December at Kellogg: What Really Happens Inside the Global Hub
- Cathy Campo
- Nov 23, 2025
- 4 min read
By: Kellogg Comedy Club
The Kellogg experience is a brief one that lasts a lifetime. Students enter from all around the world, spend two-ish years in “Heavenston” learning new and creative ways to maximize shareholder value, and go on to a wide range of careers all around the globe, from consulting on ”restructuring” to lowballing retiring Boomers on their businesses, to vibe-coding some useless internal tool as a product manager. While students come from far and wide, for these Kellogg years, their entire experience revolves around just two locations: E2’s 4th floor and the Kellogg Global Hub.
For 11 months of the year, these are bustling centers of future Kellogg leaders. One serves as a place where record volumes of beer are consumed ahead of the night to come, where relationships and Turkey Drop decisions alike are made, where some of the best and worst ideas for the night are formed. The other is E2. But while E2 does its best impression of Bob’s Pizza and turns desolate nearly instantly after finals end, what becomes of the Hub? Does the center of the Kellogg Universe bear the same fate for the best month of the year?
The Comedy-Club-Turned-Kelloggian-investigative-team set to find out. Through imaginary interviews with staff, we were shocked to discover the fate of the Hub in December is anything but that of E2. Where E2 begins to rest-up before the big winter quarter ahead, the Hub comes alive and out of its hibernation.
Many of the typical routines for Kellogg leaders in the Hub remain. Classes continue to be held with Kellogg’s world-class professors taking the place of their so-so students. Instead of best practices in bean counting or seminar discussions on how to be a decent person, classes now center around the cutting edge of buzzwords and bovine excrement. Want to create a class focused on maximizing shareholder value and increasing corporate profits at all costs? Sell students on “Navigating the Complexities of World-Class Business Strategy." Looking for free labor for corporate partners’ side projects? “Fantastic Experiential Learning Opportunities with a High-Degree of Autonomy in a Fast-Paced Environment." Absolving yourself of the responsibility for job placements? “Learning From Peers Can be Equally Valuable to Learning in a Typical Classroom Sense; Be Sure to Leverage Your IPG Heavily Throughout the Interview Process."
Clubs continue to convene, with a slightly different flavor. Tastes elevate to match the moderately more stable financial position of Kellogg’s professors from that of its students. Brew N ‘Que is replaced with Ale 'N' Quail; Cork & Screw becomes Rosé & Flambé. Rugby Club is put on pause in favor of Polo Club, and not the kind you find at Macy’s. The Design Club, meanwhile, refocuses its efforts to pushing the bounds of what is possible in designing a process to bamboozle first years while bidding.
Kellogg’s existing leaders even begin to take on the personality of the students they typically oversee. Former consultants blow off their friends at the last minute and shirk all responsibilities to have a coffee with a potential client that will absolutely not be hiring them. International professors look to bring a more European experience to the Global Hub by chain smoking a pack of cigarettes in front of the building between classes. Clinical professors doing a rotation in the hub look to remind their peers at every turn how difficult their careers to date have been while simultaneously asking if you can explain inflation to them. Marketing professors look to sustain the personal brand their students have created, by talking just as performatively on the Spanish Steps with their ample free time.

While the Hub transforms in December, it does not lose its roots entirely. The bedrock of Kellogg, TG, still takes place in all its glory. But the December TGs are no ordinary TGs. Here, those responsible for inspiring the next generation of Kellogg Leaders put the talents that got them here in the first place on display. Leadership professors lead their colleagues into staff-wide renditions of Ratlin Bog to get the event started. Accounting and finance professors team up, keeping track of each beer consumed and publicly shaming those that fall beneath the 4.5x beer/hour multiple. Game theorists assert dominance over Stack Cup, and work to solve the age-old question of balancing game intensity and competition.
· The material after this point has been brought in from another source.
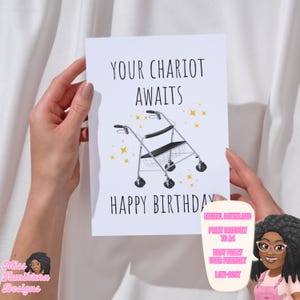 HBD / Il tuo carro ti aspetta!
Sociologists aim to expand their colleagues’ networks, by inviting their friends from undergrad who inevitably make a fool of themselves and their hosts. The Entrepreneurship department looks to bring their side hustle to the masses, with yet another group of Kellogg DJs taking the stage as their friends stumble around the room asking for a Zyn.
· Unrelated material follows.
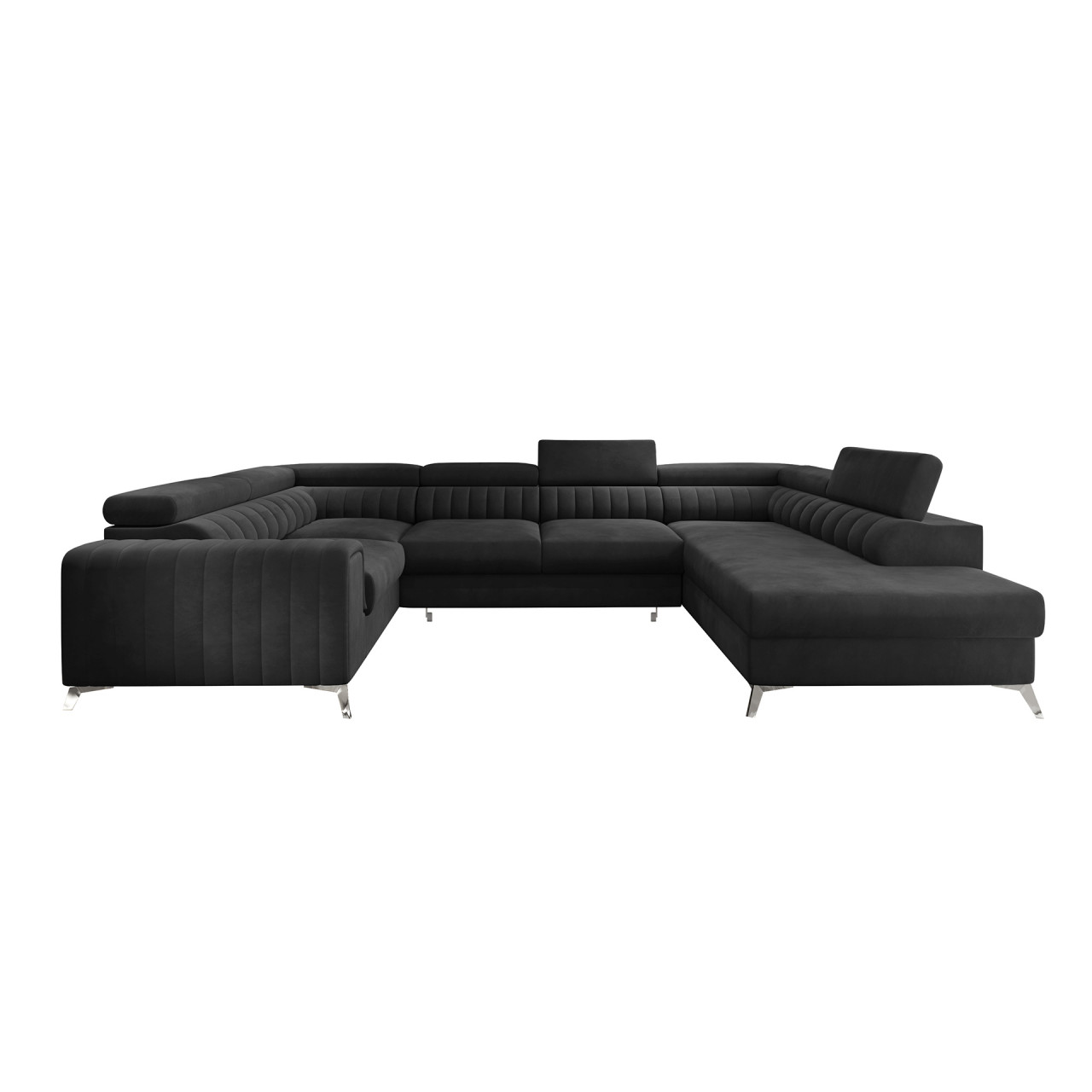 Coltar extensibil Louis pe dreapta Velvetmat 6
But the more things change, the more they stay the same. There is a lone constant in the Kellogg Hub year round. One that unites the entire community and stands eternal. The one thing that unites present and future Kellogg Leaders, a shared experience that all know to be true. As the Ski Club plans extravagant trips laden with fireball over intense flip cup competitions, the guiding lighthouse of the Kellogg Global Hub stays lit all year round.